PROBLEM TO SOLVE:
Apart from the images, every record here needs to be copied exactly.

Crawled caption data:
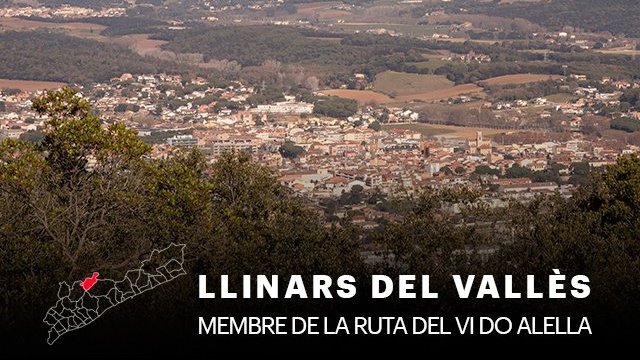 Llinars del Vallès, municipi DO Alella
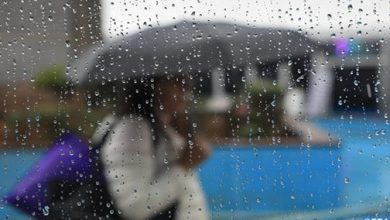 pluie 504x300 1 390x220 - Fortes pluies parfois orageuses et chute de neige jeudi et vendredi dans plusieurs provinces du Royaume (Bulletin d'alerte)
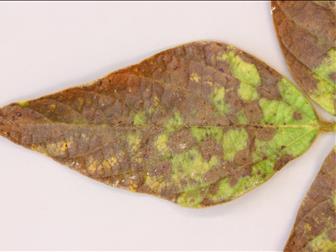 Laboratoire d'expertise et de diagnostic en phytoprotection - MAPAQ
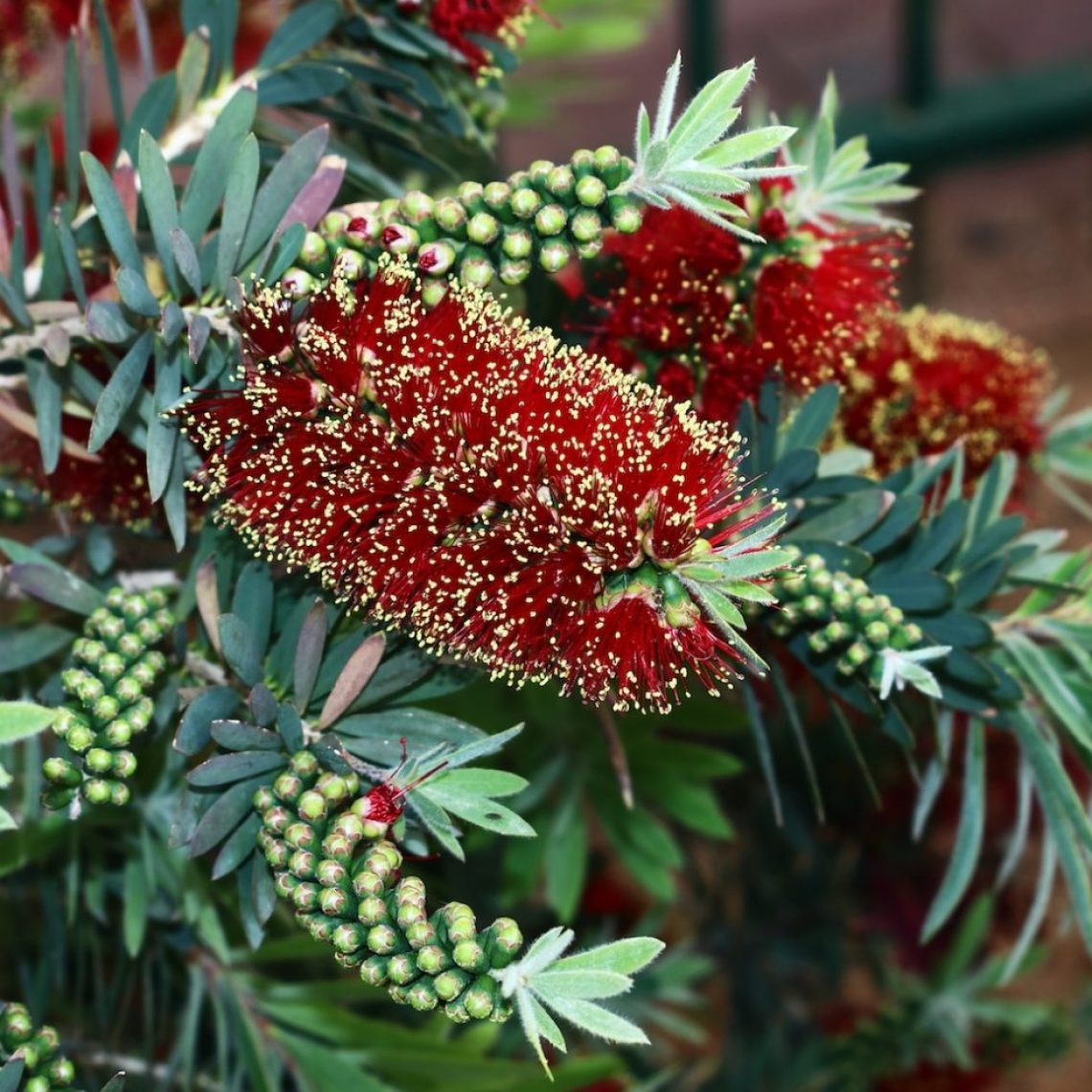 Callistemon viminalis Little John 2/3L | Duchy of Cornwall Nursery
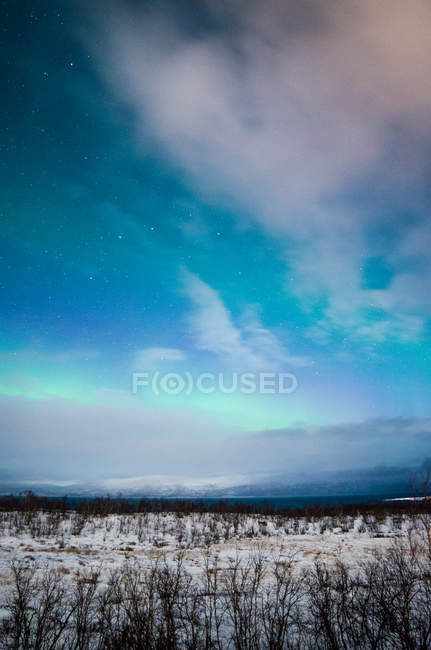 Paysage pittoresque de bois d'hiver et lumière polaire — Photo de stock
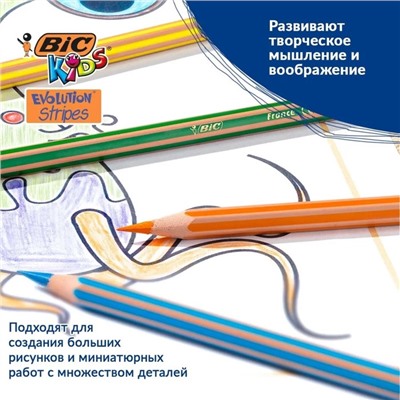 Карандаши цветные 12 цветов, BIC «Kids Evolution Stripes», пластиковые, детские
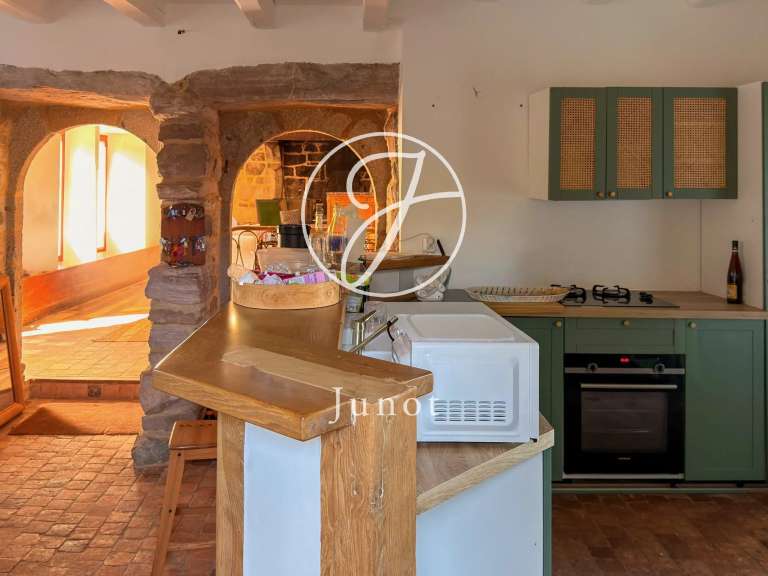 Manoir avec Vue sur mer Sables-d-or-les-pins - 15 chambres - 501m²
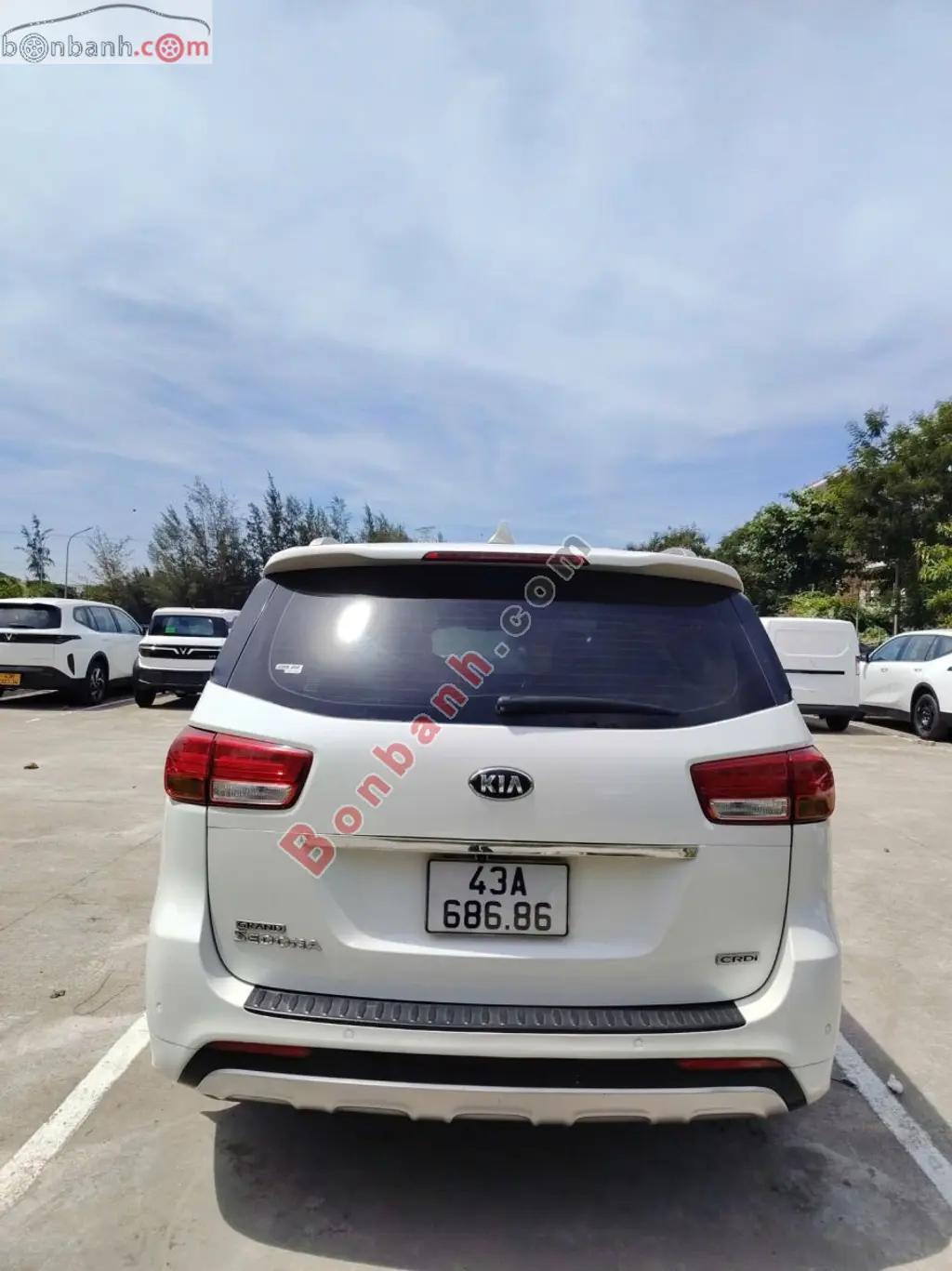 Hình ảnh số 2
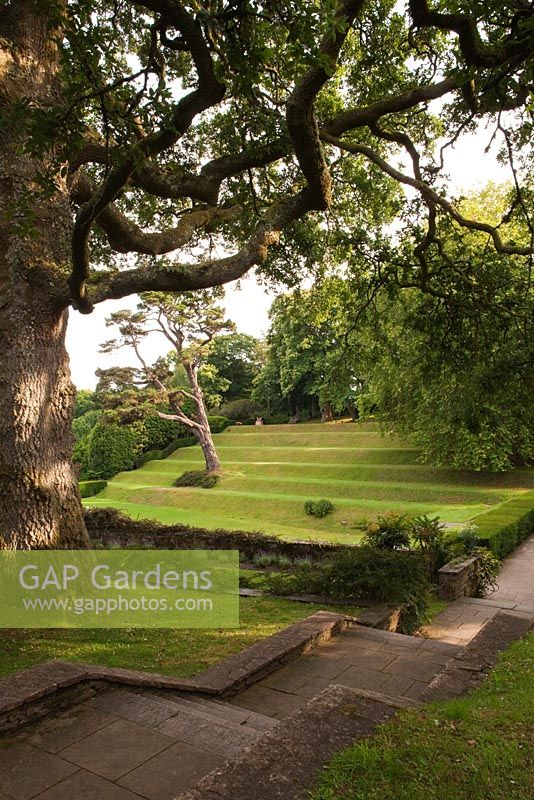 Dartington Hall, Devon. Jardin historique de catégorie II *. Juillet. Les terrasses du Tiltyard. Chêne au premier plan.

ANSWER BOX:
 Llinars del Vallès, municipi DO Alella
 pluie 504x300 1 390x220 - Fortes pluies parfois orageuses et chute de neige jeudi et vendredi dans plusieurs provinces du Royaume (Bulletin d'alerte)
 Laboratoire d'expertise et de diagnostic en phytoprotection - MAPAQ
 Callistemon viminalis Little John 2/3L | Duchy of Cornwall Nursery
 Paysage pittoresque de bois d'hiver et lumière polaire — Photo de stock
 Карандаши цветные 12 цветов, BIC «Kids Evolution Stripes», пластиковые, детские
 Manoir avec Vue sur mer Sables-d-or-les-pins - 15 chambres - 501m²
 Hình ảnh số 2
 Dartington Hall, Devon. Jardin historique de catégorie II *. Juillet. Les terrasses du Tiltyard. Chêne au premier plan.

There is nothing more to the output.